(Data for this exercise):
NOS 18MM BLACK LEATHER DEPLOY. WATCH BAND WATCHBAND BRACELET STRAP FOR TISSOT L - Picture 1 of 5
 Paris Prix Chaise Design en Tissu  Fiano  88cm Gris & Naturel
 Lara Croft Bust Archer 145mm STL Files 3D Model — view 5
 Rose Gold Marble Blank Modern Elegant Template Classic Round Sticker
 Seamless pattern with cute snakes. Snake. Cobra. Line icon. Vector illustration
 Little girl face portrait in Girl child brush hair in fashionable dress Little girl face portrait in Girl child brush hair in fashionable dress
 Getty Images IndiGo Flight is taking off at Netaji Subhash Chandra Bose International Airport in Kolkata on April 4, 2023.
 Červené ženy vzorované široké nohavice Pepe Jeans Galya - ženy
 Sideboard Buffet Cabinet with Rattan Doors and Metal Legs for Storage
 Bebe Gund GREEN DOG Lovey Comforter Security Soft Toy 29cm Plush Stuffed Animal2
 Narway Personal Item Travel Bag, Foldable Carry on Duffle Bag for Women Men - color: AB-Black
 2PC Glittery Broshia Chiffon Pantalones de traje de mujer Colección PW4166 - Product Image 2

(What to produce):
The line containing "Bebe Gund GREEN" begins the span, and the last line of the records above ends it. Return that span exactly, and nothing outside it.

(Solution for this task):
 Bebe Gund GREEN DOG Lovey Comforter Security Soft Toy 29cm Plush Stuffed Animal2
 Narway Personal Item Travel Bag, Foldable Carry on Duffle Bag for Women Men - color: AB-Black
 2PC Glittery Broshia Chiffon Pantalones de traje de mujer Colección PW4166 - Product Image 2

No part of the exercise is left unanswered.